One book, much in the Bridget Jones genre of the carefree 1990s, was set among idle rich types who host American-style “pool parties” in the summer, the kind of people who think it amusing to refer to champagne as shampoo, or “poo” for short. The translator, perhaps picturing the country house parties of a century ago, took this to refer to endless games of billiards — more Brideshead than Beverly Hills. How horrified those trendy socialites would be by the confusion with the low-down white-trash game of American pool!
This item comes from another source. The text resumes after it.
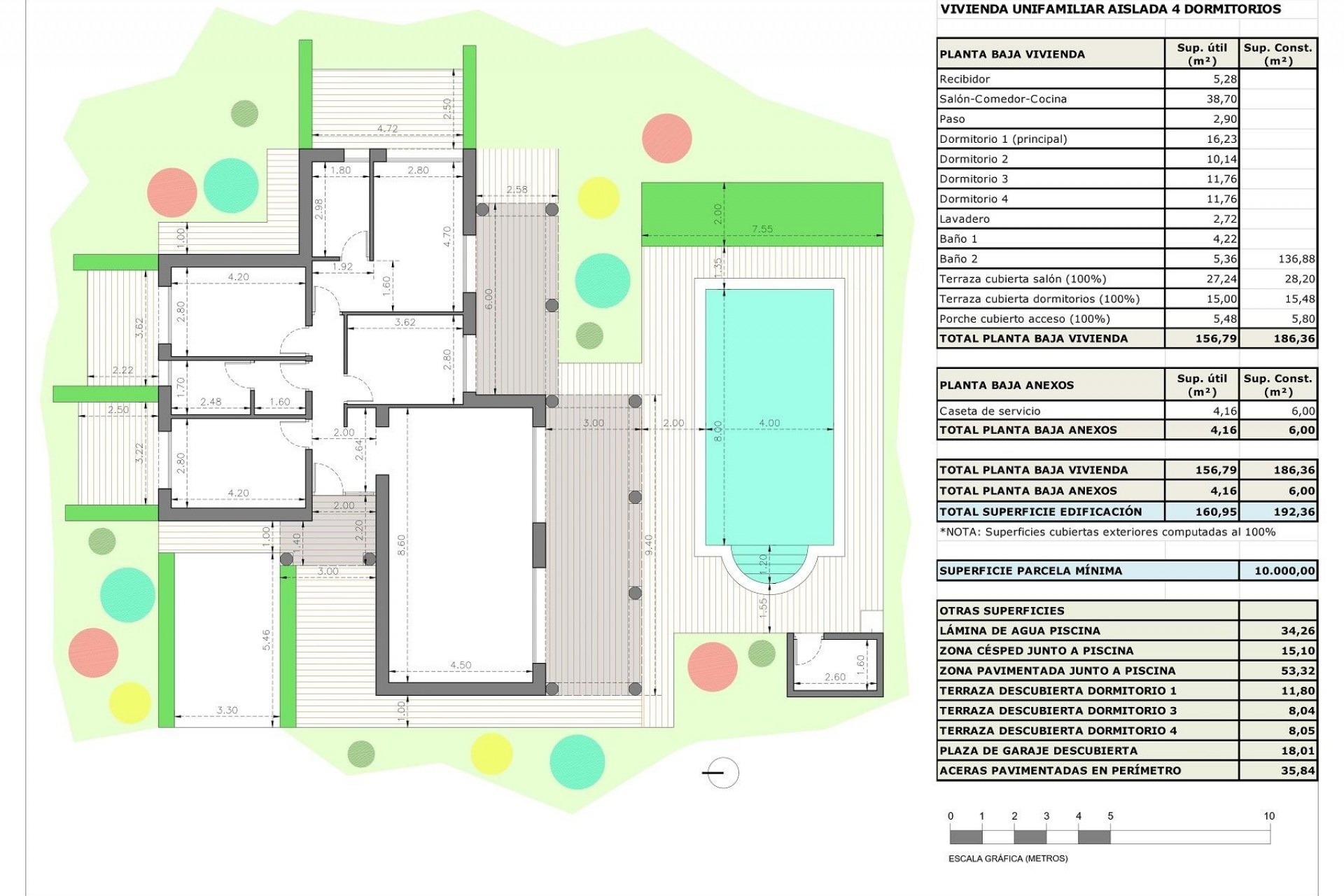 Nueva construcción  - Villa - Pinoso - Rodriguillo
“More ’poo, anyone?” brays one of the toffs. The translator is stumped at first. She knows English food is de la merde, obviously, but surely this person cannot be literally offering his guests helpings of excrement. Then suddenly light dawns: it’s a misprint! Ah, ces Anglais — the irresistible urge to knock coloured balls around a green baize table-top is still not sated. “Anyone for another game of pool?”

Thursday 15 October 2009

Mama loshn

And talking of radio, David Schneider presents “My Yiddisher Mother Tongue”, an interesting programme on Radio 4 about his experience of the Yiddish language. It’s actually not his mother tongue but he did study it for a doctorate at Oxford in the 1980s under Dovid Katz, in the then Oxford Programme in Yiddish, now relocated to the University of Vilnius (or should I say Vilna). The programme is available to listen “again” for another few days, and I recommend it if only for a wholly unexpected revelation about General Colin Powell.

Tuesday 13 October 2009

“Global perspectives for an American audience”
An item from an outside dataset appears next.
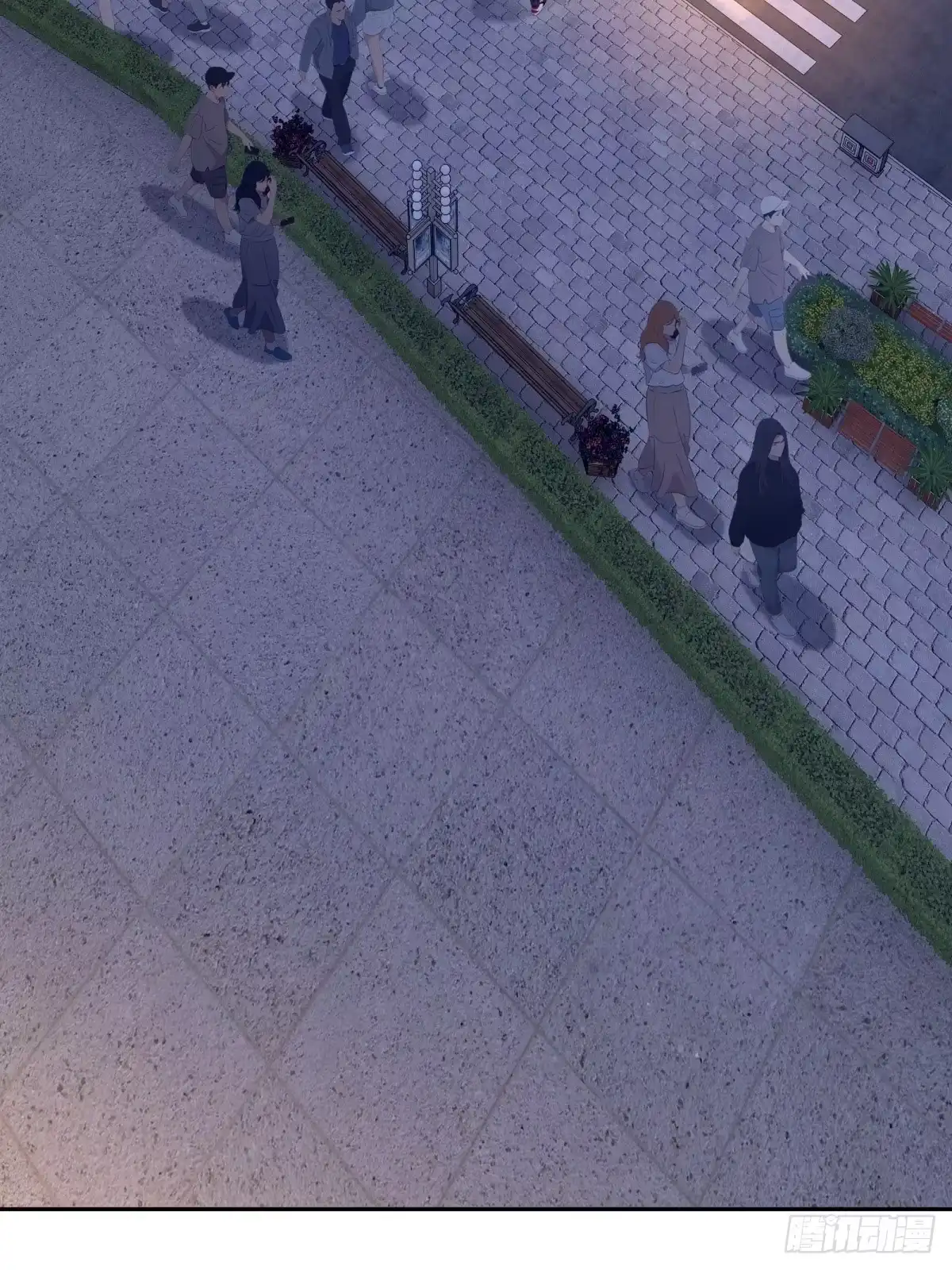 《未来都市S之觉醒了完美气运》第38话 杀鸡儆猴 第7页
Here at the Campbell Word Factory we pride ourselves on our rapid response service. Almost within the hour, we can get a highly-skilled word-wrangler onto your talk radio programme, spouting away like nobody’s business about the subject of your choosing — obsolete placenames a speciality, of course. And thus it was that today, precisely ninety minutes after getting a call on my mobile (in the library!) from the thoroughly charming people at Public Radio International/BBC America, I found myself talking down the line to Marco Werman, presenter of PRI’s The World in Boston. Producer David Leveille (right) had spotted that the theme of my little anecdotes and musings was right up the street of his daily Geo Quiz, and a fuller version of that 15-minute interview will soon be appearing in Patrick Cox’s excellent podcast The World in Words.

I’ve often commented on the quality of such Public Radio programmes in America, which sometimes make dear old Radio 4 look a bit feeble, and now that — thanks to the internet — tuning in to them is no harder than switching on the Archers, I warmly recommend taking a look at these links.

Thursday 8 October 2009

The curse of the 140-character limit

If it’s true that the appalling Berlusconi has immunity from prose, then the political role of the poet has surely never been more important.

Happy National Poetry Day.

Friday 2 October 2009

Fail! (as the young people say)

I’m intrigued to see that the No. 1 Ladies’ Detective Agency, meaning a detective agency aimed at lady customers, seems to have become an agency of women detectives in the Brazilian edition. I wonder what Mma Ramotswe, sole proprietor and operative, indeed the “first and only lady detective in the whole of Botswana”, would make of that?